The reason this works where a CIFS share does not is the S3 Object Lock model. Object Lock is a per-object, time-bound legal hold enforced by the storage layer itself, not by filesystem permissions. In compliance mode the retention cannot be shortened or removed by any identity, including the MinIO root account — the bytes are frozen until the clock runs out. Layer site replication on top and the locked objects, the IAM policies, and the bucket configuration all propagate to a second cluster, giving you two independent immutable copies. That is the 3-2-1-1 backup rule’s final “1” — one immutable copy — satisfied by the storage, not by a promise.

Prerequisites

Two sites (DC-A primary, DC-B DR) with low-latency L3 connectivity, each with 4 Linux hosts (Ubuntu 22.04 / RHEL 9), 4 raw data disks per host (16 drives per site; XFS, never a shared filesystem).
DNS you control for round-robin or load-balancer hostnames: minio-a.kloudvin.internal, minio-b.kloudvin.internal.
TLS certificates per node from your internal CA (or HashiCorp Vault PKI, used below) — Object Lock requires HTTPS in any serious deployment.
The mc (MinIO Client) admin CLI on a jump host.
An identity provider for operators: Microsoft Entra ID (or Okta) for OIDC SSO into the MinIO console — humans never use the root account.
NTP in sync across all 8 nodes — retention math and replication ordering depend on clocks agreeing.
Backup software that speaks S3 with Object Lock: Veeam 12+, Commvault, or restic/kopia.

Target topology

Deploy MinIO with Object Locking and Site Replication for Immutable Backup Targets — topology

Two MinIO deployments, one per data centre, each a single server pool of 4 nodes × 4 drives running erasure-coded sets (EC:4 — survive two drive or two node failures per site). DC-A and DC-B are joined into a site-replication group: a bucket created on A appears on B, an IAM policy on A propagates to B, and — critically — an Object-Lock-protected object written on A is replicated to B with its retention metadata intact, so the immutability survives a site loss. The backup servers (Veeam/Commvault) point at a load-balanced or DNS-round-robin endpoint in their local site; Akamai (or any L7 LB with health checks) fronts the operator console for remote admins and fails console traffic over to the surviving site. The whole thing is fronted by Vault for TLS/PKI and S3 credential issuance, Entra ID for human SSO, and is watched by Wiz, CrowdStrike Falcon, and Datadog.

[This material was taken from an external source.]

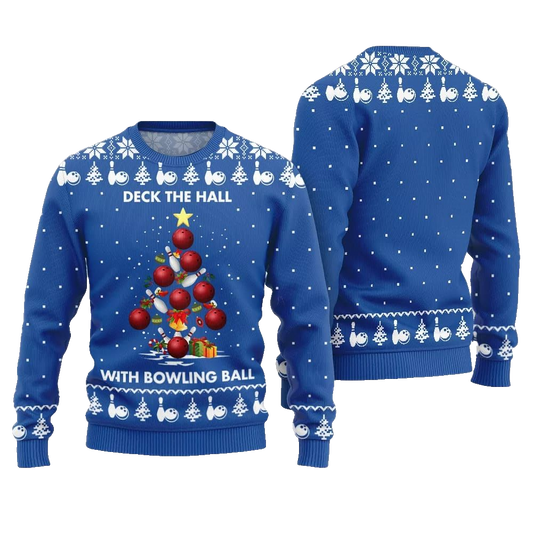 2026 Christmas Deck The Hall With Bowling Ball Xmas Sweater - Moonbestprint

The non-negotiable property: buckets are created with Object Lock enabled at creation time and locked in compliance mode — Object Lock cannot be turned on after a bucket exists, so getting this right in step 4 is the entire point of the exercise.

1. Lay down storage and the systemd unit on every node

On each of the 4 nodes in a site, format the four raw disks as XFS and mount them at a predictable path. Do this identically on all nodes — MinIO requires symmetric layout.

# Run on every MinIO host (adjust device names to your hardware)
for i in b c d e; do
  sudo mkfs.xfs -f -L "DISK${i}" /dev/sd${i}
  sudo mkdir -p /mnt/disk${i}
done

# Persist mounts by label so device reordering never breaks the pool
cat <<'EOF' | sudo tee -a /etc/fstab
LABEL=DISKb /mnt/diskb xfs defaults,noatime 0 2
LABEL=DISKc /mnt/diskc xfs defaults,noatime 0 2
LABEL=DISKd /mnt/diskd xfs defaults,noatime 0 2
LABEL=DISKe /mnt/diske xfs defaults,noatime 0 2
EOF
sudo mount -a

# Create the MinIO service user
sudo useradd -r -s /sbin/nologin minio-user
sudo chown -R minio-user:minio-user /mnt/disk{b,c,d,e}

Install the server binary and a systemd unit on each node:

sudo curl -sSL https://dl.min.io/server/minio/release/linux-amd64/minio \
  -o /usr/local/bin/minio
sudo chmod +x /usr/local/bin/minio
sudo curl -sSL https://dl.min.io/client/mc/release/linux-amd64/mc \
  -o /usr/local/bin/mc
sudo chmod +x /usr/local/bin/mc

The environment file is identical on all four nodes in a site. The MINIO_VOLUMES line uses MinIO’s ellipsis expansion to declare the full distributed set in one string — every node sees the same topology.

# /etc/default/minio  — identical on all 4 nodes of DC-A
MINIO_VOLUMES="https://minio-a-node{1...4}.kloudvin.internal:9000/mnt/disk{b...e}"
MINIO_OPTS="--console-address :9001 --certs-dir /etc/minio/certs"
MINIO_ROOT_USER="kv-root-init"            # bootstrap only; disabled in step 7
MINIO_ROOT_PASSWORD="<from-Vault, see step 2>"
MINIO_SERVER_URL="https://minio-a.kloudvin.internal:9000"
MINIO_BROWSER_REDIRECT_URL="https://console-a.kloudvin.internal:9001"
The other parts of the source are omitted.